- EXERCISE DATA:
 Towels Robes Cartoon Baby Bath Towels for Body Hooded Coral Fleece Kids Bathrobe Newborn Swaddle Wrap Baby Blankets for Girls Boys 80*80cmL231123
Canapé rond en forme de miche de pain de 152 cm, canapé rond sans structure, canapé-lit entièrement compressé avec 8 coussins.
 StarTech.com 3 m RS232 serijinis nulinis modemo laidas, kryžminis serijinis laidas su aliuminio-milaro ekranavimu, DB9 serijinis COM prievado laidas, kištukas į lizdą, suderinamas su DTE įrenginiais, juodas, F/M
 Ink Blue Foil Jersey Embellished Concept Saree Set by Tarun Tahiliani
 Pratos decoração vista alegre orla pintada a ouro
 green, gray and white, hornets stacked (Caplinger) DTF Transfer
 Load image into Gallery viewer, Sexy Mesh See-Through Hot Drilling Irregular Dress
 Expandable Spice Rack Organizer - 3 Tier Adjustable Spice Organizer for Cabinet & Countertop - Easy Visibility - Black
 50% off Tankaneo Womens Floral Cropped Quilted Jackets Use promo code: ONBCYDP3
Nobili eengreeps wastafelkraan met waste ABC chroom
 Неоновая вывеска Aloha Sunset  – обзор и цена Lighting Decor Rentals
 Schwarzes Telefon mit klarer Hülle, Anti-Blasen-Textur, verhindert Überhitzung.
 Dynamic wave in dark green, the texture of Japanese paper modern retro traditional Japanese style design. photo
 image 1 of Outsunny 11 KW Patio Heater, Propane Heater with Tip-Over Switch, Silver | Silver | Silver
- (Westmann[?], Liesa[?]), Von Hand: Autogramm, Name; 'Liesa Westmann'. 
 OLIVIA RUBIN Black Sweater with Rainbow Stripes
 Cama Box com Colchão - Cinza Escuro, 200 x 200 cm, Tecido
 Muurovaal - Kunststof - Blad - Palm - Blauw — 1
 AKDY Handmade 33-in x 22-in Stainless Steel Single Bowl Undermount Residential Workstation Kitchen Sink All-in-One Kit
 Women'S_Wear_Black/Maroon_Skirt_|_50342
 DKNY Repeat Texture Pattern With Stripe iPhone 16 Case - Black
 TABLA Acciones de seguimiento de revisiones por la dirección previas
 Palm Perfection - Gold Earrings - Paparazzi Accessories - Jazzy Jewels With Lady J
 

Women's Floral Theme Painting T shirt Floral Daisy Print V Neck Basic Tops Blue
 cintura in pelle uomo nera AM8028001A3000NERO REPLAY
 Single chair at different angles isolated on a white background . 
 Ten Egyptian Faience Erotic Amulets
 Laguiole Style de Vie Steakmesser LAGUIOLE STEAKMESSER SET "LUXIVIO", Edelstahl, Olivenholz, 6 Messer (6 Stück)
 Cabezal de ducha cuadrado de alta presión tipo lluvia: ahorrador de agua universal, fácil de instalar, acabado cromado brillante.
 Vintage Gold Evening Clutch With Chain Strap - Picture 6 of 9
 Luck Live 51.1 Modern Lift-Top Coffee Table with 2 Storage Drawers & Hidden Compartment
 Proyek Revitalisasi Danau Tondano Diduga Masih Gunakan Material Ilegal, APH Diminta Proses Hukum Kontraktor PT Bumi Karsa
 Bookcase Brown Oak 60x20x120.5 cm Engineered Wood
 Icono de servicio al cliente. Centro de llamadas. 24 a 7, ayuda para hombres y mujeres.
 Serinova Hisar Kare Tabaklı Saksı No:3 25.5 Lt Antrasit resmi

- WORK INSTRUCTIONS: Exactly the lines from the one containing "Cabezal de ducha" to the last line of the entries above must be duplicated, with both of those lines included and nothing more.

- EXERCISE RESPONSE:
 Cabezal de ducha cuadrado de alta presión tipo lluvia: ahorrador de agua universal, fácil de instalar, acabado cromado brillante.
 Vintage Gold Evening Clutch With Chain Strap - Picture 6 of 9
 Luck Live 51.1 Modern Lift-Top Coffee Table with 2 Storage Drawers & Hidden Compartment
 Proyek Revitalisasi Danau Tondano Diduga Masih Gunakan Material Ilegal, APH Diminta Proses Hukum Kontraktor PT Bumi Karsa
 Bookcase Brown Oak 60x20x120.5 cm Engineered Wood
 Icono de servicio al cliente. Centro de llamadas. 24 a 7, ayuda para hombres y mujeres.
 Serinova Hisar Kare Tabaklı Saksı No:3 25.5 Lt Antrasit resmi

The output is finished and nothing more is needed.